The LGBT organization, now a well established sub-culture in America, has come to prominence during the past 15 years or so as a distinct group. Among its beliefs is equal treatment under law in every facet of national life. If this were possible, and attempted, women would suffer unequally. Our Judeo-Christian ethics, the infrastructure of American life and tradition, demand that LGBT culture be rejected by our military organizations. More specifically, women in combat units. I have nothing to say about members of this culture participating in any other organizations, and women are especially required and welcomed in most all other elements of the American work force.

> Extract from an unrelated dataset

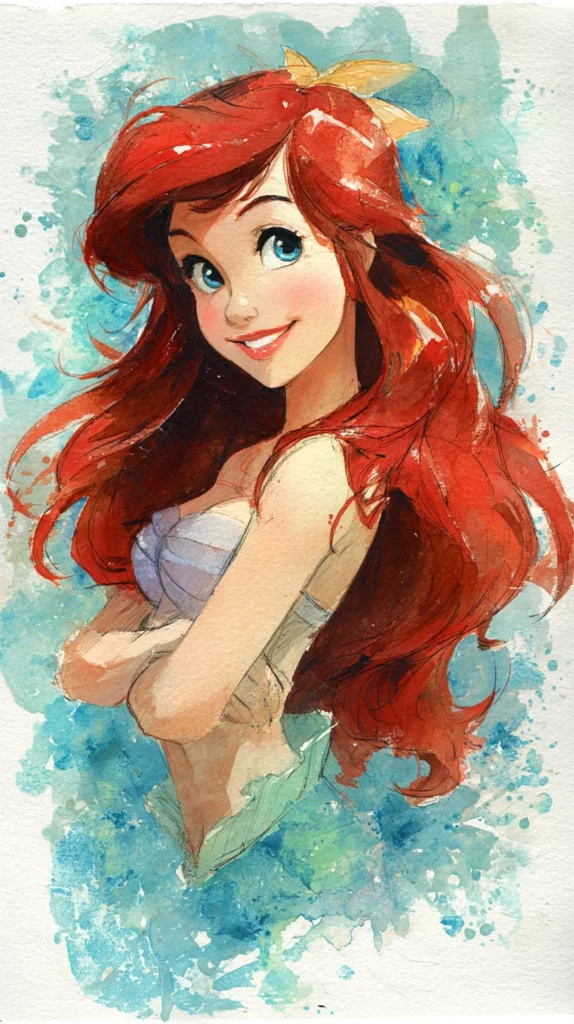 watercolor Ariel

Radical LGBT members have pushed for decades to place women in ground combat units. This is a direct threat by fostering "conduct prejudicial to good order and discipline" which destroys unit cohesion.

This rule of exclusion (from combat) is not new. The rule is thousands of years old, for good and obvious reasons. First is the ancient natural law protecting women from harm. Second, the related common sense understanding that women are special, exhaulted members of society, responsible for bearing and nurturing new human life. They have been “by the laws of nature and of nature's God” designed for that highest, unique and most invaluable role. Men, by that same law, because of their superior physical strength, are designed to protect women and children from harm, while holding them in the highest respect and acknowledging their absolute equality in dignity.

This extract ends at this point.